Hacker News new | past | comments | ask | show | jobs | submit login
Essential facts about floating point calculations (mortoray.com)
46 points by nkurz on July 6, 2015 | hide | past | favorite | 45 comments



A huge roadblock I recently ran into: It's possible, that floating operations may yield different results depending on the compiler or CPU architecture.

As far as I know it's not possible to run a simulation depending on floats on different machines, expecting the same output. Some people recommend switching to integer operations and to keep floating point arithmetic to a minimum. Is this the only way to get deterministic math across machines?

http://gafferongames.com/networking-for-game-programmers/flo...

Edit:

I ran into this while trying to procedurally generate a map based on a seed value. Heightmap, zones/biomes, rivers, towns, etc are all based on a seed. The result must be completely reproducible on different machines, otherwise players would see different maps. The terrain is large and therefore chunked. There's a seed per chunk and only seeds of chunks visible to the client are sent to him.

I now believe that the only way to implement this correctly is passing the full, complete state of a chunk to the player after the generation. There's no sane way to implement the whole generation with integer math only. But there's a positive side-effect: More traffic but less performance needed to regenerate the chunk on the client.

Actually it's simpler to work around this problem in a physics simulation, because the authoritative server can simply sync the properties across the players frequently.


You have to set compiler and runtime options to:

- force IEEE compliance on

- force Intel systems to disable extended-precision mode (80 bit internal registers)

See e.g. http://stackoverflow.com/questions/6683059/are-floating-poin...

Fixed-point integer is generally easier to handle but you have to do it "manually" as language support is scarce. And then watch out for overflow. It also may not be as fast as FP on modern systems (especially GPUs).

Edit: one could write an alternate history where the first PC 3D accelerators were targeted at Quake and implemented fast fixed point. It was a common design decision for 3D engines. http://gamedev.stackexchange.com/questions/26823/why-did-the...

Arguably fixed-point's limitations are easier to understand. Floating will give you within epsilon of the "right" answer, but as we have seen this may vary in weird ways across platforms. Fixed will run into precision loss problems a lot earlier, forcing you to confront and deal with them.
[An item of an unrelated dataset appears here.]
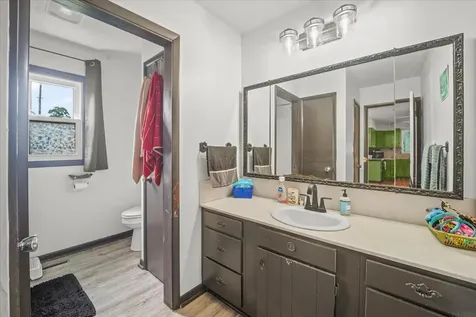 714 2nd Avenue Ackley IA 50601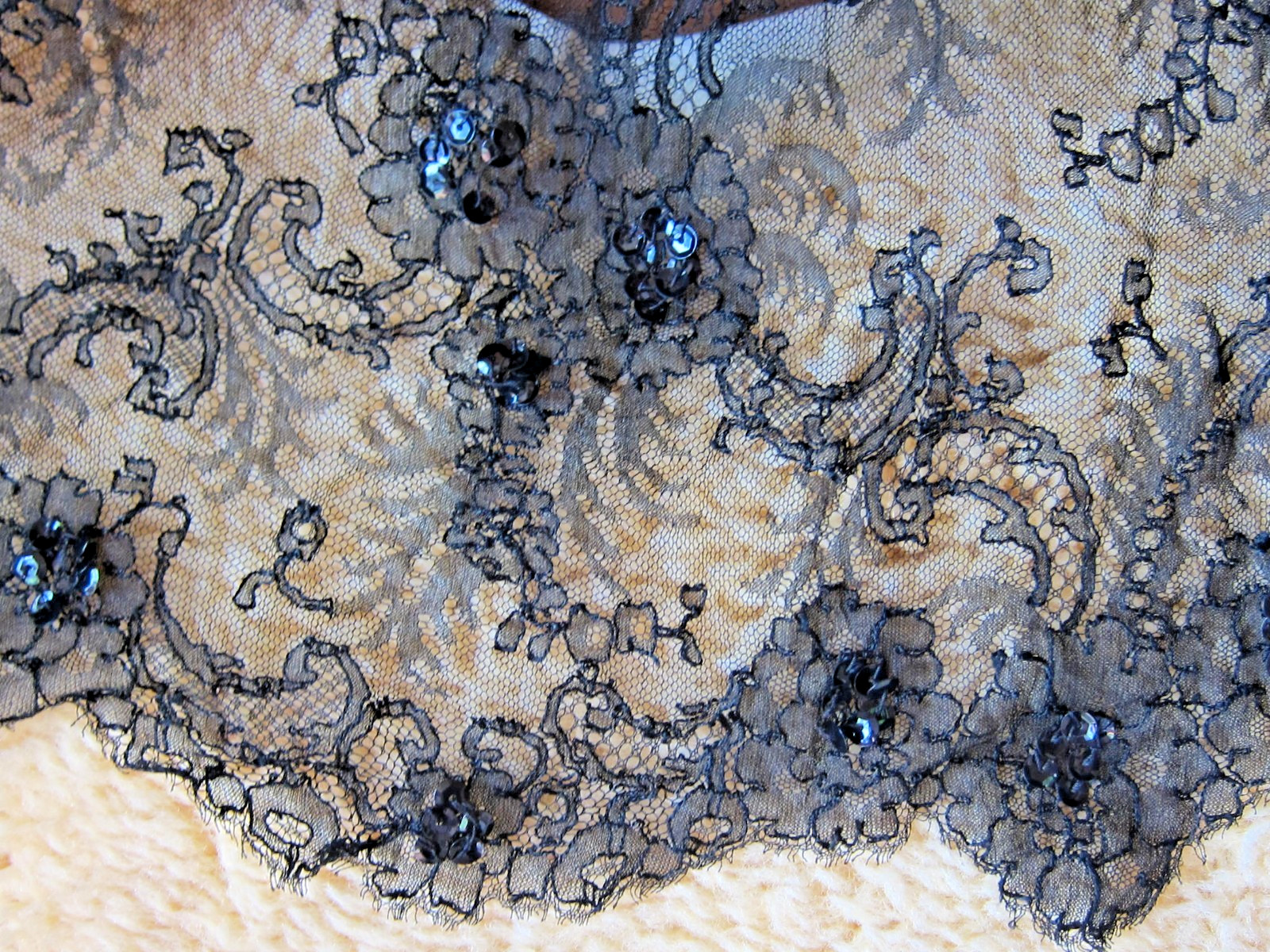 VTG 1950s Black Chantilly Lace Overskirt Panel 85” Sweep~Cupped Sequins~Scallops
You also have to confront truncate vs. round earlier.

A cite for "floating point is faster than fixed point": http://cboard.cprogramming.com/brief-history-cprogramming-co...


Mostly nonsense. You are making the same mistake as Matlab, throwing away all the internal Intel precision, just because you don't know the boundaries and limitations or you don't care. In short Matlab did as you said in v6.0 and it was wrong.

Read Kahan and matlab's (non)"defense": http://www.cs.berkeley.edu/~wkahan/MxMulEps.pdf http://blogs.mathworks.com/cleve/2014/07/07/floating-point-n...


Extended-precision mode is a disaster because it's confined to the FPU. If it were an 80-bit datatype it wouldn't be a problem. Because of this property, it's only predictable if you write all your math in assembler. If you write C, the generated code is very vulnerable to perturbation when the compiler changes when variables are written back to memory.

It may well give you more accurate results, but if you're doing something that's inherently numerically unstable (in our case, ASIC timing feeding into k-means clustering) it can give you different results in response to tiny code changes. Force-truncating trades accuracy for stability across changes to the software.

And obviously if you want C code that gives the same results on Intel and non-Intel hardware, you can't use Intel 80-bit FPU.

(Edit: I'll concede somewhat on "within epsilon of the right answer", because there are some examples in the Matlab case where 80 bit gets much closer to the right answer to 64-bit.)


So, do you have something we can learn from?

As it stands, pjc50 has some on-point advice that directly addresses OPs concerns with consistent results from seed values, and testing. Your reply is: "that is nonsense."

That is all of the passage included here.